DESCRIPTION OF THE TASK: Word for word, please restate the line containing "Both tower cranes from 2nd Street South" and all the lines that follow it to the end of the data.

MATERIAL SUPPLIED:
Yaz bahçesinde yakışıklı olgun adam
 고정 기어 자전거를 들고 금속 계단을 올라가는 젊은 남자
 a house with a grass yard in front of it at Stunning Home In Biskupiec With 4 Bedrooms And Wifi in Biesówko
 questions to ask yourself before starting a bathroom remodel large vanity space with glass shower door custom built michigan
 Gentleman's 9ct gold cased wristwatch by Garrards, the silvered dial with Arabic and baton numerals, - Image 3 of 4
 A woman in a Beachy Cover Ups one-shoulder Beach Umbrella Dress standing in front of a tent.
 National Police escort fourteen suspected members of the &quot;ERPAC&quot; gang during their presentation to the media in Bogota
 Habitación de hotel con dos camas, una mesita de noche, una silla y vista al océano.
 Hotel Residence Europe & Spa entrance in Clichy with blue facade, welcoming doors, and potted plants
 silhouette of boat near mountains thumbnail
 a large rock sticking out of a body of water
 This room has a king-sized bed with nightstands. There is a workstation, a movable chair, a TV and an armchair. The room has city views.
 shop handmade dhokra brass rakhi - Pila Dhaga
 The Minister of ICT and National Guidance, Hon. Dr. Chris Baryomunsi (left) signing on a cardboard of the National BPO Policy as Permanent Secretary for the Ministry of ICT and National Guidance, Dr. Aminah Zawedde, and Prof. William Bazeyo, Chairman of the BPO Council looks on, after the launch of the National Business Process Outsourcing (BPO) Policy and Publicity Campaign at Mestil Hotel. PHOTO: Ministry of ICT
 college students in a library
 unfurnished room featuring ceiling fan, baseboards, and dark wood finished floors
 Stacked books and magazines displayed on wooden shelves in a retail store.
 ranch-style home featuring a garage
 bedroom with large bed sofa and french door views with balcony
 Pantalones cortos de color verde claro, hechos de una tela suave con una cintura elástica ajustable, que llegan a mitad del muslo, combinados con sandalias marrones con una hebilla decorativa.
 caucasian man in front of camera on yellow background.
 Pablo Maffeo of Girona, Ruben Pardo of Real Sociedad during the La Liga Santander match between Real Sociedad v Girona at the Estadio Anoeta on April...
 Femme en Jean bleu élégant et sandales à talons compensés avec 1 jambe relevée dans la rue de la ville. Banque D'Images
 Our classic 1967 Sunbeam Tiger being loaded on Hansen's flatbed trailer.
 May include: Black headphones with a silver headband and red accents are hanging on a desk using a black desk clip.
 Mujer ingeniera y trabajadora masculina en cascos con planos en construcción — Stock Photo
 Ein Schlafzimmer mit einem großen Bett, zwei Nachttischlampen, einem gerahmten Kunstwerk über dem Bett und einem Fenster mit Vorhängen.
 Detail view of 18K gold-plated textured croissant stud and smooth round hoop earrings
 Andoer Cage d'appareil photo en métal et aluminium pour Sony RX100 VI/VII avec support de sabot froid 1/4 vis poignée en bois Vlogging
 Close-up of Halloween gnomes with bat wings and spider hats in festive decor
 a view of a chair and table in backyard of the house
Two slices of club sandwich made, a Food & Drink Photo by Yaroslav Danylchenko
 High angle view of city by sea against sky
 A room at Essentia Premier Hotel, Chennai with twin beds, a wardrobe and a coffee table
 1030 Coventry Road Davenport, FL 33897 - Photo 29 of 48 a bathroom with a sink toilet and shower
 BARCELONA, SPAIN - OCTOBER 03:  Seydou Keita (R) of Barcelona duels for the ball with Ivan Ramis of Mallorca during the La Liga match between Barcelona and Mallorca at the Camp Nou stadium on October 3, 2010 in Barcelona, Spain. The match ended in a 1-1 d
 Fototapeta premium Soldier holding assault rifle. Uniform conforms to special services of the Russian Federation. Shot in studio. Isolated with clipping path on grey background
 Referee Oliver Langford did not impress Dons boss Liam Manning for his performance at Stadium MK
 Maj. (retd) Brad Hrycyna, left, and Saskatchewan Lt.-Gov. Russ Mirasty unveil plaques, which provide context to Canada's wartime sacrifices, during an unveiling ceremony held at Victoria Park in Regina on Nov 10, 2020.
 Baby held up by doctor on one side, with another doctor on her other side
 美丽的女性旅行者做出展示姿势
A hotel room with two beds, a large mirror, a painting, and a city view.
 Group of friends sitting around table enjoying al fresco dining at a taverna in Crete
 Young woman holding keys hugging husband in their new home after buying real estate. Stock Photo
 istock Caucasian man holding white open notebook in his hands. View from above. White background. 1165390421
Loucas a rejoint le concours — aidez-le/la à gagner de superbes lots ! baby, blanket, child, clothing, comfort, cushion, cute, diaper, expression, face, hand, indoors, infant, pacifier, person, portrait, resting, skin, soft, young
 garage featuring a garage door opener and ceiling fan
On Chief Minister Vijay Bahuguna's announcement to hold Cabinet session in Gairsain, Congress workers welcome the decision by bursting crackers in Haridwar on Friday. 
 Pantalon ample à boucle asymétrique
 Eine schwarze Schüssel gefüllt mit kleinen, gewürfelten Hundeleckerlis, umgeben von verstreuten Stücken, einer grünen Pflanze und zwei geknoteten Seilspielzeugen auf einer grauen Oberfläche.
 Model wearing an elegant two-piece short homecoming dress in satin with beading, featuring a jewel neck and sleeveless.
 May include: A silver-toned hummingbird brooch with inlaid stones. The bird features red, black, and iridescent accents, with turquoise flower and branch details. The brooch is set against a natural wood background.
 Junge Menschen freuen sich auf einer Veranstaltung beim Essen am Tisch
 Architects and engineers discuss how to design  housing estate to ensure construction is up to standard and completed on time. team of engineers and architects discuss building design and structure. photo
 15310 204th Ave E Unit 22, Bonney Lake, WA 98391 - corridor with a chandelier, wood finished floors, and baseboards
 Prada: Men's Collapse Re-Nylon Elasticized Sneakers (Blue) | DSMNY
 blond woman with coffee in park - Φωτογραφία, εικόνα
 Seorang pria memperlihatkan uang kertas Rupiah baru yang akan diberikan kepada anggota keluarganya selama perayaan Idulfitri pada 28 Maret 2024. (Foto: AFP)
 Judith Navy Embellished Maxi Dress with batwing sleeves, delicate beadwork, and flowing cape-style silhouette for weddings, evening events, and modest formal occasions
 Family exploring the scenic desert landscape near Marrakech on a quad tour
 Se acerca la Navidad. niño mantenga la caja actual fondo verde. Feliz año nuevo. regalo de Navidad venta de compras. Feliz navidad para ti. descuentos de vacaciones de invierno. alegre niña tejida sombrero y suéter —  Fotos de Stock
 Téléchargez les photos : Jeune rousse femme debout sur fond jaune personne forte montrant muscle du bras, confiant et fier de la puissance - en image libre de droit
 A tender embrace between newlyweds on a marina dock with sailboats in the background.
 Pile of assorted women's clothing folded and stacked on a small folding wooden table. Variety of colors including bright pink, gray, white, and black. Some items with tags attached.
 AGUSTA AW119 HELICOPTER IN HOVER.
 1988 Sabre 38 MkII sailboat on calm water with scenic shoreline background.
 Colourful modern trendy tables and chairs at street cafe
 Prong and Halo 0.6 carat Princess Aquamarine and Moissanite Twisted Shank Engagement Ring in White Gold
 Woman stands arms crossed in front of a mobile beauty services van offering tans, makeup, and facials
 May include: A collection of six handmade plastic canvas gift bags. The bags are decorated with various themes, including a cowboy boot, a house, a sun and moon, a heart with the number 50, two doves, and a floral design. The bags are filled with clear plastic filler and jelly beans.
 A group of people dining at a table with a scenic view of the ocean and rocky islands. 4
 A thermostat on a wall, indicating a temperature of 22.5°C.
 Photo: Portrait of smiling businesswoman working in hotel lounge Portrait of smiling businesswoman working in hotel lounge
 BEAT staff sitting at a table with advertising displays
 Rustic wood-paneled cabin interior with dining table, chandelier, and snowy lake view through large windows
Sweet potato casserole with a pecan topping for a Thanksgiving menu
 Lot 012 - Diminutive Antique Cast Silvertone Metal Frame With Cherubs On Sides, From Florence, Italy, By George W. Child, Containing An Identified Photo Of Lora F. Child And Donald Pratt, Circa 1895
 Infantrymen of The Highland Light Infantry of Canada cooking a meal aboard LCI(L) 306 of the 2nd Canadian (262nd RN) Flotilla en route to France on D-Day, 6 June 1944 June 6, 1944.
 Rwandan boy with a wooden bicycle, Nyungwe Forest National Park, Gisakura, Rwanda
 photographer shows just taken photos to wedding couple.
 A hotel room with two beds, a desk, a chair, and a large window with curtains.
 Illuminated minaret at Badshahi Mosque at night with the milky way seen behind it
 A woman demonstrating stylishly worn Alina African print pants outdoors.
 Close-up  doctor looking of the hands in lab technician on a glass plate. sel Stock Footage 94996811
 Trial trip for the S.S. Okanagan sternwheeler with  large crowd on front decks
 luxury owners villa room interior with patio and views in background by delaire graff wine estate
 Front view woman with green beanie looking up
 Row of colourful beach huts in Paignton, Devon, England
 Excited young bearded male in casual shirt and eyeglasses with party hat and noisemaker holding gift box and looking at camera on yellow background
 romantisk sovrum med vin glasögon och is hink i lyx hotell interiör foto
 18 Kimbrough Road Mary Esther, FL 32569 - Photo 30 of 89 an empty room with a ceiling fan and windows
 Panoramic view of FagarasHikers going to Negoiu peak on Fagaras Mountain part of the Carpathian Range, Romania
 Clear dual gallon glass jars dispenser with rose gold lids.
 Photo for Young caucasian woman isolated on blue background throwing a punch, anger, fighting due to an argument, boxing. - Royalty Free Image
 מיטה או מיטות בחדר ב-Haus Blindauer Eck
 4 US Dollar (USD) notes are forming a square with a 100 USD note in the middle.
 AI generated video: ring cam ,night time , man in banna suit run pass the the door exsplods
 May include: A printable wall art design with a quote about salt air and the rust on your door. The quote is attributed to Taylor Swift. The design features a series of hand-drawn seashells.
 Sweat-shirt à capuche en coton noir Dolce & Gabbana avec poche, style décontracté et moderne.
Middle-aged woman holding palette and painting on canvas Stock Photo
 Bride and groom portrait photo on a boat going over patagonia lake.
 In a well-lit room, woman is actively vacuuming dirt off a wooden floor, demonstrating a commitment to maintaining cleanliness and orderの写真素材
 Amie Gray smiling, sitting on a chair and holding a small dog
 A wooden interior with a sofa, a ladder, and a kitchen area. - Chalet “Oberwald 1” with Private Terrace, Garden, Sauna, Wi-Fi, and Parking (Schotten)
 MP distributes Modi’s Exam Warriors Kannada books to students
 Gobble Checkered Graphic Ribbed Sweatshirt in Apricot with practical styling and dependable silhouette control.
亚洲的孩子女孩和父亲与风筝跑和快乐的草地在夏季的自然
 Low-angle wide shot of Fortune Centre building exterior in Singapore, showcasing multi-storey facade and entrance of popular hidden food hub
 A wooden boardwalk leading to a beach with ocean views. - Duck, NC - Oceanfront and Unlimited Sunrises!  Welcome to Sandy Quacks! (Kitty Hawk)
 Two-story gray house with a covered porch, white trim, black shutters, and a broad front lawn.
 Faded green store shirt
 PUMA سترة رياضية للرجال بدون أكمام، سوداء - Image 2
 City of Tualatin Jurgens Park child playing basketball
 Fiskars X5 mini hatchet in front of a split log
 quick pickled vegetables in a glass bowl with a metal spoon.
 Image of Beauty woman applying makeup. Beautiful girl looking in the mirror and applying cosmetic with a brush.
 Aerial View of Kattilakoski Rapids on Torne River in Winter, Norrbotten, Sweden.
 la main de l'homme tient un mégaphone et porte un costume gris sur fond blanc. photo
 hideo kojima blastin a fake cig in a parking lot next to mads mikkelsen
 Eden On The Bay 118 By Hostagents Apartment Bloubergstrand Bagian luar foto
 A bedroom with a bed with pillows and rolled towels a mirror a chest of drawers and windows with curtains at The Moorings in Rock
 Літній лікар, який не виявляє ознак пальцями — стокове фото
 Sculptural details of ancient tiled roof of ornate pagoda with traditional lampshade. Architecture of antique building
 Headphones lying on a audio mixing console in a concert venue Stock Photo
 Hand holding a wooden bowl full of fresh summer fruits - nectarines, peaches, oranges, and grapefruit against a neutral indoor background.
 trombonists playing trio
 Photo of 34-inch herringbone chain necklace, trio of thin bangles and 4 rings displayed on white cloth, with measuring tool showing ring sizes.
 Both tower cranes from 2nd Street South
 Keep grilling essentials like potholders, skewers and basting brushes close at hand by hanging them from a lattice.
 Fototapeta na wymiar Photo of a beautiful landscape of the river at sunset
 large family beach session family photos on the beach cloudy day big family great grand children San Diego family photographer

RESPONSE TO THE EXERCISE:
 Both tower cranes from 2nd Street South
 Keep grilling essentials like potholders, skewers and basting brushes close at hand by hanging them from a lattice.
 Fototapeta na wymiar Photo of a beautiful landscape of the river at sunset
 large family beach session family photos on the beach cloudy day big family great grand children San Diego family photographer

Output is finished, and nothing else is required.